In this video interview from the Financial Times, independent economist Andy Xie predicts volatility, not a prolonged downturn. As for safe havens? “Companies are healthier than countries,” he says.

A little black humor seems apropos

These performance artists protested Wall Street’s lack of transparency (one of our pet peeves) with their own powerful example of absolute exposure: They stripped on Wall Street.

Comparisons

Are we in for another financial crisis? Nelson Schwartz of The New York Times looks at the question head on in this piece.

European banks are overexposed to debt, not subprime mortgages, but the sovereign debt of countries whose ability to repay is in doubt. While hedging his bets, Mr. Schwartz makes the case that this situation will not lead to another financial crisis.

The key differences:

•  The outlines of the sovereign debt crisis are clearer.  The uncertainty over the extent of banks’ and insurers’ exposure to subprime mortgages helped cause the financial crisis.

• Banks here in the States are in better financial shape.

• Companies also have more cash so aren’t as vulnerable to another lockdown on credit.

There’s another comparison on my mind.

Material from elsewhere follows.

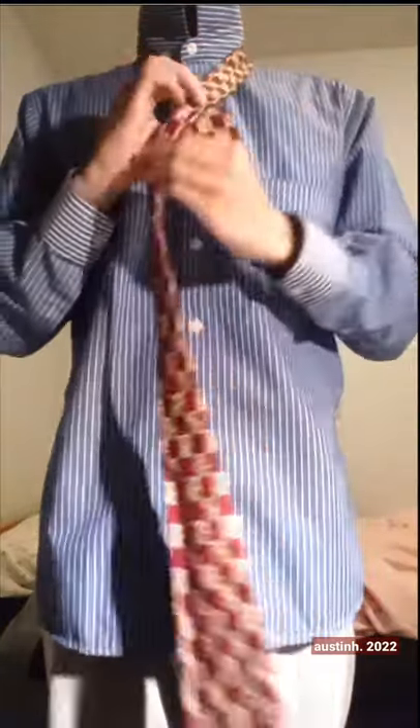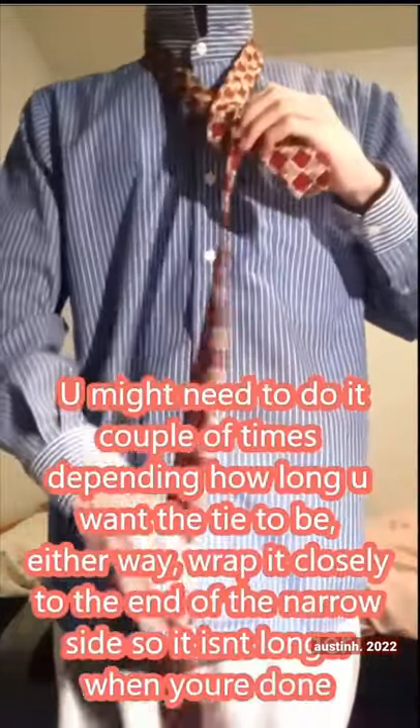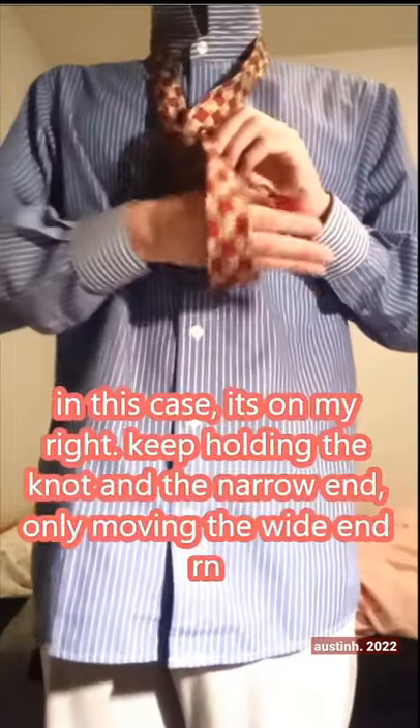Have the wide end of the tie wrap over the narrow end first, and then behind it. After you're satisfied, insert the wide end in the loop between the knot and your neck from below. That will form another loop below. Use whichever hole that doesn't cause you to twist the loop that much.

On a trip this week across country to Wealthfront’s offices in Palo Alto, I’ve been reading Amity Shlaes’s history of the Great Depression, The Forgotten Man.

I paid special attention to the chapter about October 1937, when, after years of painful recovery, the market declined with a ferocity that echoed that of the 1929 crash. Bond prices plummeted farther than they had on any single day in three years, writes Ms. Shlaes, “As for stock shares, they were down between $2 and $15, the greatest drop in six years.”

It was the start of the so-called Roosevelt Recession within the Depression. Angry that the private sector wouldn’t spend money to help pull the nation out of the Depression, Roosevelt levied a tax on profits. Companies were on what Roosevelt called a “capital strike.” They no longer had the cash reserves to retain employees; they also stopped investing in equipment.

Unemployment spiked that year, but slowly began trending down again, and then the need to fight facism overtook both economic and political concerns.

Ms. Shlaes’s summary at the end of the book: “The story of the mid-1930s is the story of a heroic economy struggling to recuperate but failing to do so because of perverse federal policy.”

I took two lessons from her work: that long recoveries from financial crises contain many unnerving ups and downs, and second, that we need a new New Deal – because the first one, built of entitlements that have grown unaffordable, has outlived its effectiveness.